Start of Block
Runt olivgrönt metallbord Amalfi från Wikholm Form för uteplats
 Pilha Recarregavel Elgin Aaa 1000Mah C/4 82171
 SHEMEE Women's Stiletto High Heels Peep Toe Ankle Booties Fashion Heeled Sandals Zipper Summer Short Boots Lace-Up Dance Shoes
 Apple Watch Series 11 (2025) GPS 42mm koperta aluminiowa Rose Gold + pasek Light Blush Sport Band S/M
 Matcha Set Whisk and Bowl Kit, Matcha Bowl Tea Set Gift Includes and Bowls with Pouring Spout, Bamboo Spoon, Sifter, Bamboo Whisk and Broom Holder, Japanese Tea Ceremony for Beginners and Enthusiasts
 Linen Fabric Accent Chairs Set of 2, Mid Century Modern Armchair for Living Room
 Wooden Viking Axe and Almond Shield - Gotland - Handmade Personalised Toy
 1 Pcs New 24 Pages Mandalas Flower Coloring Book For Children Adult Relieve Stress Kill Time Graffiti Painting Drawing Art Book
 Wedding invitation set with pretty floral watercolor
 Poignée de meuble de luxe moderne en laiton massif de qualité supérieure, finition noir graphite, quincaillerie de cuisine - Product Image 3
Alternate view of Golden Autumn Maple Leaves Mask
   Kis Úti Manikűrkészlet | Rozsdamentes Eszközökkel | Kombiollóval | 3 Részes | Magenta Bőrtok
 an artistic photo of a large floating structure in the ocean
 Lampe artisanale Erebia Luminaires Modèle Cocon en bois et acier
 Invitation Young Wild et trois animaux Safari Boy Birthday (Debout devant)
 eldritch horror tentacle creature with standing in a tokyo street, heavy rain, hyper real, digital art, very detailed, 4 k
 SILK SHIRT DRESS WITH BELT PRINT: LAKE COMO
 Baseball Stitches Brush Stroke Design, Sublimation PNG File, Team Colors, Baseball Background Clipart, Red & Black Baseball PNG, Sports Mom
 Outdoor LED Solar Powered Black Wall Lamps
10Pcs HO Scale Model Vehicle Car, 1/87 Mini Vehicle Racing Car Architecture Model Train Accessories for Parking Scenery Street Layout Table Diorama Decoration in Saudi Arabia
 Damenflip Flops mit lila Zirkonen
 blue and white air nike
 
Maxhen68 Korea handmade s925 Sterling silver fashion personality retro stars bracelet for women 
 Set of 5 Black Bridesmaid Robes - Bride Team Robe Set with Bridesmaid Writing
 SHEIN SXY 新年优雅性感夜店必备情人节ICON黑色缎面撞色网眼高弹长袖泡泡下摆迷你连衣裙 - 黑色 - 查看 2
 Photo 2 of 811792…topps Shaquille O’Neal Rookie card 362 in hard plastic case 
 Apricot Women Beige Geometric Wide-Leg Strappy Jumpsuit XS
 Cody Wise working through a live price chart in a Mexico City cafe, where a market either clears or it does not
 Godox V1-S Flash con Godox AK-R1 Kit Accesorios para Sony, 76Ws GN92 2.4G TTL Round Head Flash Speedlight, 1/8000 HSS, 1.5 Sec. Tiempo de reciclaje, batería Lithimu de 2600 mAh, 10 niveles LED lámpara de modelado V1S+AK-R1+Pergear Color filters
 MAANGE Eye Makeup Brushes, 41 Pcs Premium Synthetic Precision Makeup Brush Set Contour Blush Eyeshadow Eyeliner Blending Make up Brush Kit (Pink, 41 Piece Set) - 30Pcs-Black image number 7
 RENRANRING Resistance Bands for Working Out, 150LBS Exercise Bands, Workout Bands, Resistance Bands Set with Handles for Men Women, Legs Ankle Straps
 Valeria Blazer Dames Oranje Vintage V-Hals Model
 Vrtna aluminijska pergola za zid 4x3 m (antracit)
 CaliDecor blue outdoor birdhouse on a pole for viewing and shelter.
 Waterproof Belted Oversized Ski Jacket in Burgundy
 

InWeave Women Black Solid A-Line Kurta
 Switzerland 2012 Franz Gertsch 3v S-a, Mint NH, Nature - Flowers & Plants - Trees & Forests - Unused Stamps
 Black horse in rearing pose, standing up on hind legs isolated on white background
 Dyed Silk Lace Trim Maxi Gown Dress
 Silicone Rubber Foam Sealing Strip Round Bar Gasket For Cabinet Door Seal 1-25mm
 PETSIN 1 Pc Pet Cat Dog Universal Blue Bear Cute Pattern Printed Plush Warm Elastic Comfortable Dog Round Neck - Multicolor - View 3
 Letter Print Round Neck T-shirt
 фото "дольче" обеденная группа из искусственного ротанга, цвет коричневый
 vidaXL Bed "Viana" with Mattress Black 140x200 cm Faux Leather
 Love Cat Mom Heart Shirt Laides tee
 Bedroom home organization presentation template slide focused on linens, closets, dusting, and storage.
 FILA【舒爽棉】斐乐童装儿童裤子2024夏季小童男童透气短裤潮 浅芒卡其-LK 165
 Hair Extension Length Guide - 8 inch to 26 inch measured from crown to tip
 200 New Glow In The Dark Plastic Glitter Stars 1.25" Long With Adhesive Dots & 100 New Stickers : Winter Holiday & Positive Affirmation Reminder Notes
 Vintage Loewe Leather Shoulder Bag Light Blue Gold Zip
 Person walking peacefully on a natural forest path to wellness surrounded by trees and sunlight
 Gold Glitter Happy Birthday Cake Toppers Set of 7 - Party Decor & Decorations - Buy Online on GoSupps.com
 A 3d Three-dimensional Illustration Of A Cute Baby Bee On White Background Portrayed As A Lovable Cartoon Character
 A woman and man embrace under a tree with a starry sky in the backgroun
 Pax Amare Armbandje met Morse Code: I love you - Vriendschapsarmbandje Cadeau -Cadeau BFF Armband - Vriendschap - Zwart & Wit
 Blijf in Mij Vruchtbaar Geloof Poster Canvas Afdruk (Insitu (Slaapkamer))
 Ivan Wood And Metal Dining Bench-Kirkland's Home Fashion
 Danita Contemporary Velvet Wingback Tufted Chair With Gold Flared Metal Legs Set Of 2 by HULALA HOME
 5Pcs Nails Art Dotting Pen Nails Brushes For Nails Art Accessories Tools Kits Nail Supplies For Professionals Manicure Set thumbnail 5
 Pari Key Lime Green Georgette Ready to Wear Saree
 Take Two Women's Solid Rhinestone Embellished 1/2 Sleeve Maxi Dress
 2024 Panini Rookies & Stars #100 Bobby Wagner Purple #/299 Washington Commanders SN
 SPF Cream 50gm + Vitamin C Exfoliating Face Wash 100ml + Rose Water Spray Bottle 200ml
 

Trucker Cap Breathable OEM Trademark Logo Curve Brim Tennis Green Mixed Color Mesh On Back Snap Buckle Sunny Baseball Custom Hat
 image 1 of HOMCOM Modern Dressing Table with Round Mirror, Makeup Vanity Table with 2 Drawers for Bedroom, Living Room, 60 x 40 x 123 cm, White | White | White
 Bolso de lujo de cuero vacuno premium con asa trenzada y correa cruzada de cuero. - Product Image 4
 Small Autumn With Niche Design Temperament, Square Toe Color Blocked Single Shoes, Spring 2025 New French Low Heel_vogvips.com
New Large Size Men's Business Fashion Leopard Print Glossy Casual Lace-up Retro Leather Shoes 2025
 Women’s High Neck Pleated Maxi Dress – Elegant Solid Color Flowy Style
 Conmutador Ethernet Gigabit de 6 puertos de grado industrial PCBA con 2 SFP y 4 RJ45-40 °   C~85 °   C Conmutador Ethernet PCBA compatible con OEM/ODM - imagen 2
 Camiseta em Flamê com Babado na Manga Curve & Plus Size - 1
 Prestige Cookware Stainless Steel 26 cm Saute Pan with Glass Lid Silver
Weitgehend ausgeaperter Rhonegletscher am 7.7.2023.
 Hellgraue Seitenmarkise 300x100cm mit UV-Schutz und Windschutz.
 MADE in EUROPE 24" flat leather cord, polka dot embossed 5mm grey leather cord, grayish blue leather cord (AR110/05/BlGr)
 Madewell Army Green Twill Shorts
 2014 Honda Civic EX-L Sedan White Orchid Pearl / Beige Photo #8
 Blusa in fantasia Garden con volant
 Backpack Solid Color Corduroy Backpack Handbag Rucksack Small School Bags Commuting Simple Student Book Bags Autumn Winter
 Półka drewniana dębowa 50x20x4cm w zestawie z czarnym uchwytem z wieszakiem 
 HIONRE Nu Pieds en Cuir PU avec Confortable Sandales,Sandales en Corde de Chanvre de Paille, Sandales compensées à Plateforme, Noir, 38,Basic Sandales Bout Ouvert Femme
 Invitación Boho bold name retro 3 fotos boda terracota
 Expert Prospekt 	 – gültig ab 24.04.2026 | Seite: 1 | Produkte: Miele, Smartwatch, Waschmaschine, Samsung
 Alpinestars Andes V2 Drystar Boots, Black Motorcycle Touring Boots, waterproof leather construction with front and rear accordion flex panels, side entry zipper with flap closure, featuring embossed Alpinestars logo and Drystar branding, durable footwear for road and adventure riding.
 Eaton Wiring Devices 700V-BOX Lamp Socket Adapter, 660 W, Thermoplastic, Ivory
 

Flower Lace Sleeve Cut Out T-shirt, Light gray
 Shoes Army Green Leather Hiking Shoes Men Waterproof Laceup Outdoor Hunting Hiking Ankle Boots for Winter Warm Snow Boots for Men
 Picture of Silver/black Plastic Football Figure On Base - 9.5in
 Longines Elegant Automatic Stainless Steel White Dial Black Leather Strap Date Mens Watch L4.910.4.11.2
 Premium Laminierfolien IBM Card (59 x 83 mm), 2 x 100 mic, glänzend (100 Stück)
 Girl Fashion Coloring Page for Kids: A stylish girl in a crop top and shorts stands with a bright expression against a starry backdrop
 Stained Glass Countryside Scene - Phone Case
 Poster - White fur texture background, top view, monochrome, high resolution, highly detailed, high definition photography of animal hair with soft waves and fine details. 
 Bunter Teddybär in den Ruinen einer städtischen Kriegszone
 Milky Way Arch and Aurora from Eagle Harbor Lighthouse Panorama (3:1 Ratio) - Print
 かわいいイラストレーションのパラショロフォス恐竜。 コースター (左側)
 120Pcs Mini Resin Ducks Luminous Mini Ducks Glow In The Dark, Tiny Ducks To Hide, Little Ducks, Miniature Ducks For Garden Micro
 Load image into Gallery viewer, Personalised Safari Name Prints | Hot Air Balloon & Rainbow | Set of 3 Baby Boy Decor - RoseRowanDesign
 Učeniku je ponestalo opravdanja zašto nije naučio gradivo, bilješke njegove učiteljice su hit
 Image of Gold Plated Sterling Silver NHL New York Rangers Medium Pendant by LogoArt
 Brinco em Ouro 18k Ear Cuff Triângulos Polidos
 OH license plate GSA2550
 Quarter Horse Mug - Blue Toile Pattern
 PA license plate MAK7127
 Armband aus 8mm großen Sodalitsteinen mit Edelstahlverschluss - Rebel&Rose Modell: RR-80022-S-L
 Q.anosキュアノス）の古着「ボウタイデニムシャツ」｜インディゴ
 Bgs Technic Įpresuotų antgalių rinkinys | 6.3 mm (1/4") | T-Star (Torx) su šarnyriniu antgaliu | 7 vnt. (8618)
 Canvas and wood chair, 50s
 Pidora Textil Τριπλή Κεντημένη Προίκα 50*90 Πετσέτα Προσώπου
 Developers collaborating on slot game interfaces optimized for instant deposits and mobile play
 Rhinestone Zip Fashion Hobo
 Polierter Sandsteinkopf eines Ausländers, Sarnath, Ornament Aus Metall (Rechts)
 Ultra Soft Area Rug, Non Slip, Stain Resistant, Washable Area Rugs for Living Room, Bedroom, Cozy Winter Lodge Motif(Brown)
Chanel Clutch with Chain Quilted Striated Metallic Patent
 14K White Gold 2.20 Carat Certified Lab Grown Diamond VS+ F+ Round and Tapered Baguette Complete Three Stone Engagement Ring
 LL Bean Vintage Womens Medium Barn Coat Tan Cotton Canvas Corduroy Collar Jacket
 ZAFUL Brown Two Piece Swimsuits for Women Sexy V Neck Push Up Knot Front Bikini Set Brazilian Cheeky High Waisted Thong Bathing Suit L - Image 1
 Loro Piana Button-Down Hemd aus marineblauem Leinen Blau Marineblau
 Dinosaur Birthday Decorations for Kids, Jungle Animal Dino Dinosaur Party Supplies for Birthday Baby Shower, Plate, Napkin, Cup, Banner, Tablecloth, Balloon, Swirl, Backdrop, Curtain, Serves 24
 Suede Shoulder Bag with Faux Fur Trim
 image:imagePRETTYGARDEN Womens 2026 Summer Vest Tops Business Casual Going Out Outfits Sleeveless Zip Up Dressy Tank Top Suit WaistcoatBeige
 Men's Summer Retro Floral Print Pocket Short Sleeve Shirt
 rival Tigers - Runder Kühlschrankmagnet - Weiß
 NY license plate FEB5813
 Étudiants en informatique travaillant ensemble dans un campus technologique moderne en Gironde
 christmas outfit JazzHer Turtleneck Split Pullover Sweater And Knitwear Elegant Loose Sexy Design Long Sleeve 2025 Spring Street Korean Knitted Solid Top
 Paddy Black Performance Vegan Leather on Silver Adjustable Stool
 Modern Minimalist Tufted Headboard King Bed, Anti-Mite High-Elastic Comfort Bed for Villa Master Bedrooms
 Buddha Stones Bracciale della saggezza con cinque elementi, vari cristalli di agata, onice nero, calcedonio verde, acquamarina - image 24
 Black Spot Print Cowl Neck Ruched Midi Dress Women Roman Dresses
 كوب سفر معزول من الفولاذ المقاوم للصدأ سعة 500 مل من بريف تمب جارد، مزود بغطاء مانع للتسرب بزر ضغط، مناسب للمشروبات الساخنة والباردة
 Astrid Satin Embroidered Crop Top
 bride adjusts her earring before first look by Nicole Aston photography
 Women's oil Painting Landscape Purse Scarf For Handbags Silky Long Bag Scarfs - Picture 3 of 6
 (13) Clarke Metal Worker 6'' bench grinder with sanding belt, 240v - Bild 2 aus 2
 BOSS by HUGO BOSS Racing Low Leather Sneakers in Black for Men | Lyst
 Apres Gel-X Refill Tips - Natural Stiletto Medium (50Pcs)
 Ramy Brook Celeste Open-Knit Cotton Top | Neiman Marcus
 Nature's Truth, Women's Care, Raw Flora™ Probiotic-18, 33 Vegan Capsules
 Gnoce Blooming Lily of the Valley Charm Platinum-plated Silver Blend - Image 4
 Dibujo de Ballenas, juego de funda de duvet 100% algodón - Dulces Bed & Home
End of Block
• Aim of the task: Count the lines of the material above that contain the string "moderne". Write nothing but the count.

• Problem solution: 2